Each of these quotations appears to be protective in tone. The wording of each (as well as R.S. 40:11-5 itself) implies passivity in the employee. Each indicates that the act is designed to supply a measure of security for the employee who would otherwise, through forces beyond his control, be deprived of certain of his rights insofar as continuity of service as a public employee is concerned. The accompanying statement is the most clear as it cites those who "must begin as new employees thereby losing their seniority rights, which their previous service entitled them to."

Plaintiffs in this action are volunteers. Each left employment in one branch of municipal government to enter employment in another. The court takes judicial notice of the fact that salary schedules are published with the announcement of the Civil Service examination which each plaintiff took in order to qualify for appointment to the position he now holds. Presumably, each plaintiff was aware of the salary scale when he chose to join the Fire Department.

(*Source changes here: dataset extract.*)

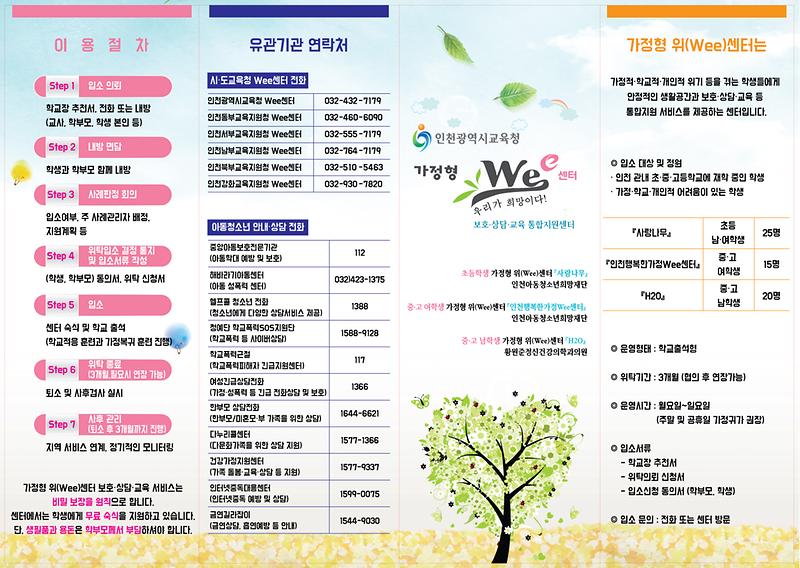 리플렛1.jpg 이미지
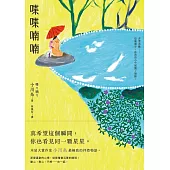 喋喋喃喃：本屋大賞作家小川糸最極致的怦然物語。 (電子書)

It would be a distortion of R.S. 40:11-5 if the court were to hold -- in the face of legislative policy to the contrary, as outlined above and a careful reading of the statute and its attendant background -- that the intent of the Legislature was to include within the purview of the act those situated as are plaintiffs. Rather, all indications are that the Legislature intended otherwise.

Accordingly, having found that R.S. 40:11-5 is not applicable to the situation of these plaintiffs and not superior in status to the statutes cited, it becomes unnecessary to consider the other issues raised in this matter.

Defendants' motion for summary judgment is granted. Plaintiffs' cross motion is denied.